From the line containing "A baby girl" down to the last line of the material, output each line exactly as it appears, excluding pictures.

> **Dataset content**:
☆ ☆ ☆ ☆

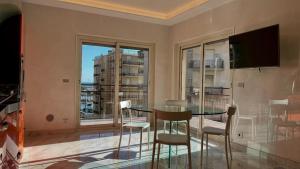 een eetkamer met een tafel en een groot raam bij Olimpia in Arma di Taggia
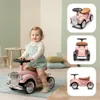 A baby girl is sitting on a pink ride-on car in a room with pastel green and beige walls. There are also inset images of the car from different angles. Produktbild-Vorschau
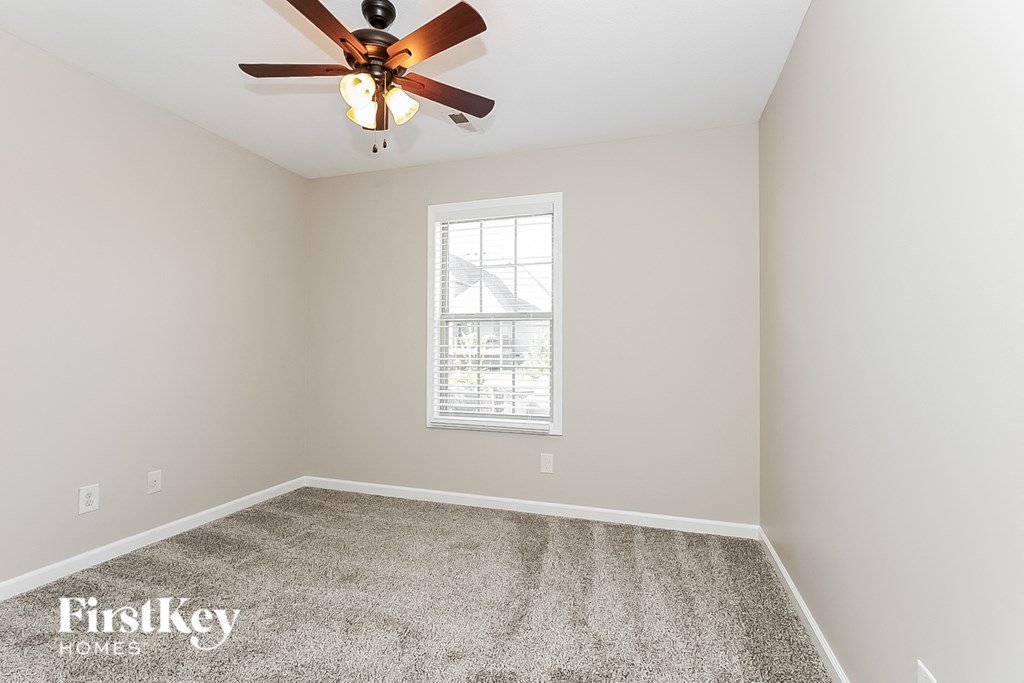 a bedroom with a ceiling fan and a carpet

☆ ☆ ☆ ☆

> **The answer**:
 A baby girl is sitting on a pink ride-on car in a room with pastel green and beige walls. There are also inset images of the car from different angles. Produktbild-Vorschau
 a bedroom with a ceiling fan and a carpet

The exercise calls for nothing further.